Open mattfidler opened 6 years ago
This would reduce the probability of having similar seeds for each core, though with the size of the uint32 and the number of cores people typically have, this still would be low.
Hi Matt, thanks for pointing this out. I wonder whether the best option would be depending directly on the sitmo package which might be setting the seed in a more sophisticated way (I haven't checked). If we believe the first approximation to the birthday problem given in Wikipedia, than the probability of a collision when using a 1000 cores is around
1 - exp(-1000^2/(2*(2^32)))
[1] 0.0001164085
with a more realistic 64 cores we have O(10^-7) probability of collision. I'll think about it.
I looked at the examples in the sitmo package and they have all the seeds specified by the user for each core. I don't think they actually do anything for this problem. I could be wrong.
As I said, the probability is low. However, the probability with 1000 cores using the sequential solution is 0.
Wouldn't the probabily increase as you make multiple calls to the mvnfast? It generates a seed from the uniform distribution every time it starts the mvnfast number generation. Still be low, but it isn't only based on the number of threads.
Hi Matt,
ok, hopefully this 5094d5a25f00f505e0f472b6d2990a1f218db099 addresses your concerns.
Indeed it is better. Now it only depends on how many times you call mvnfast.
The only way to completely overcome it is to create your own seed setting routine or reading the R seed's state and using the R seed (I think that would work...?)
According to https://github.com/wch/r-source/blob/3105967d568ce6e411c63a0cbecabaec695b5cc0/src/library/base/man/Random-user.Rd
You could read the seed state by:
user_unif_nseed
and using the R's seed as sitmo's seed.

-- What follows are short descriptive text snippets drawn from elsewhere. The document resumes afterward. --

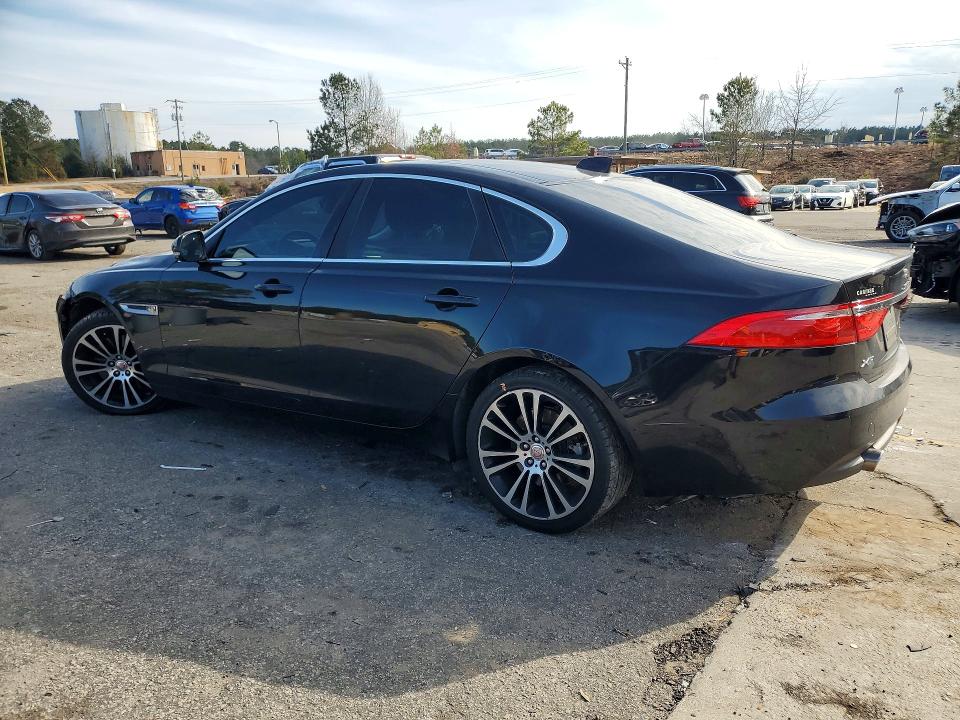 Photo 2 from auction – 2016 JAGUAR XF with VIN SAJBE4BV0GCY12922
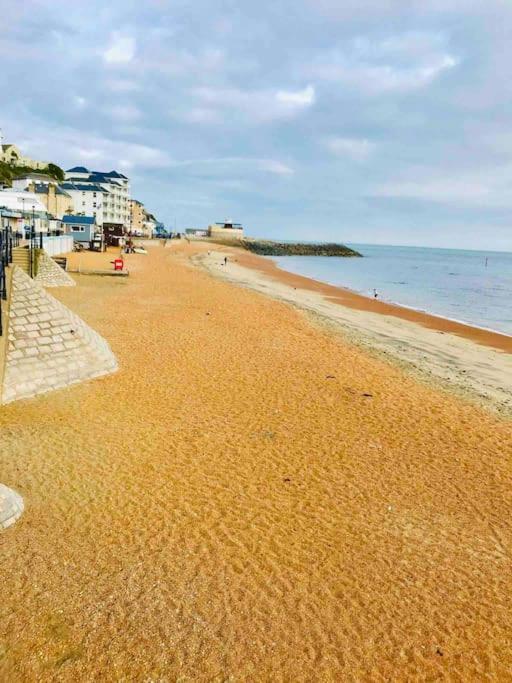 Rookley Villa, 3 Bedroom Family Apartment, Ventnor Εξωτερικό φωτογραφία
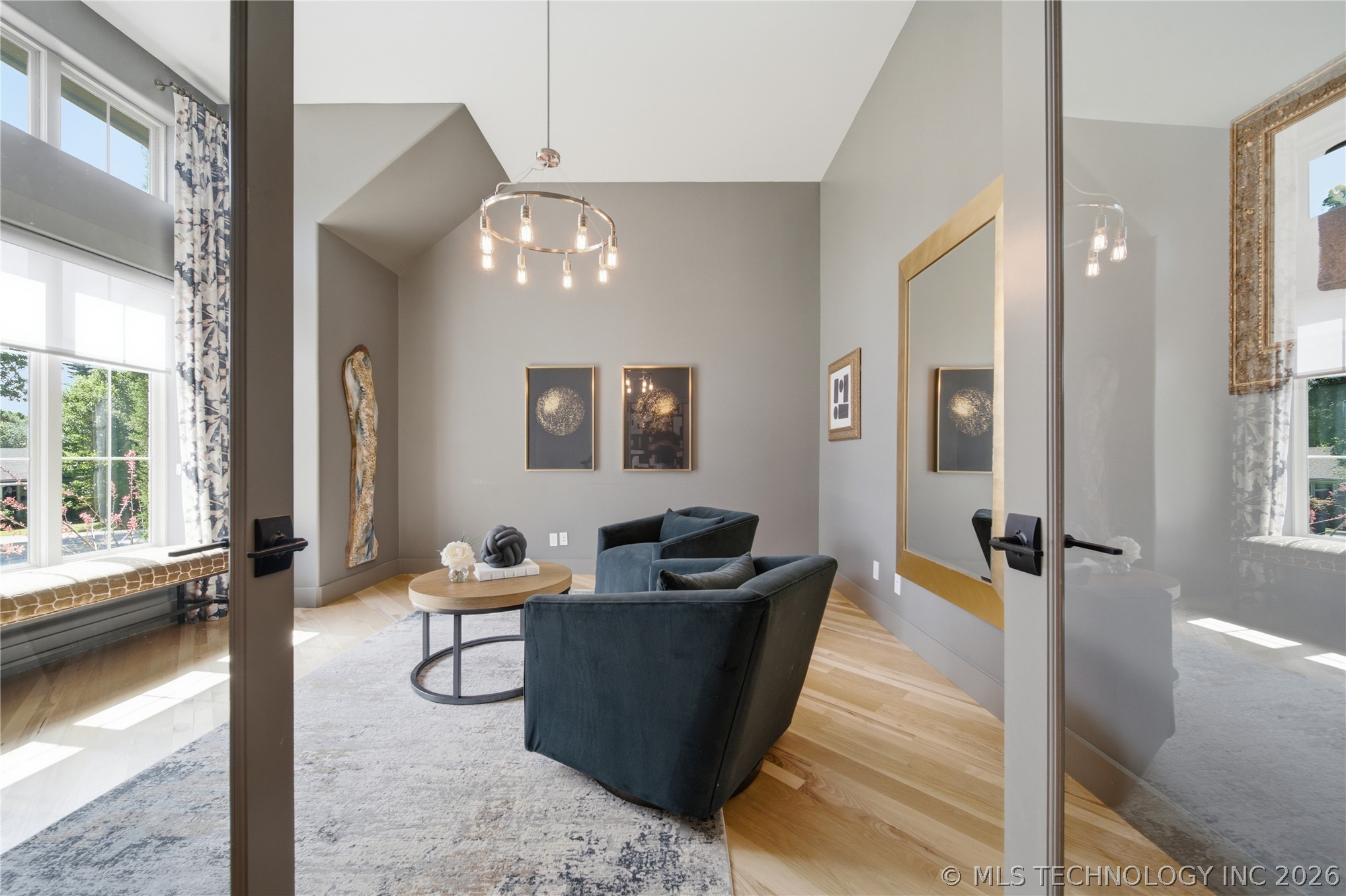 2526 S College Avenue Property Photo 8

You have to advance this seed somehow probably by a throw-away uniform random number.
If you are interested in this approach, it wouldn't be too hard to adapt...?
Also, I have heard that the construct
for (unsigned int j = ncores-1; j--;){
seeds[j] = seeds[j+1]-1;
if (seeds[j] == 0) seeds[j] = std::numeric_limits<uint32_t>::max()-1;
}
Takes slightly less operations than a full for loop, and therefore should be slightly faster. On modern machines, it shouldn't matter too much, but that is why I chose this loop style.
Now the reference:
https://www.thegeekstuff.com/2015/01/c-cpp-code-optimization/
Item 7 talks about the for-loop optimization above.
Interesting problem. One alternative could be to use the same seed value on all cores but pre-set the internal counter. For example, in dqrng
I use
template<>
inline void random_64bit_wrapper<sitmo::threefry_20_64>::seed(result_type seed, result_type stream) {
gen.seed(seed);
gen.set_counter(0, 0, 0, stream);
cache = false;
}
This way I get 2^64 streams with 3 64bit integers per-stream for counting.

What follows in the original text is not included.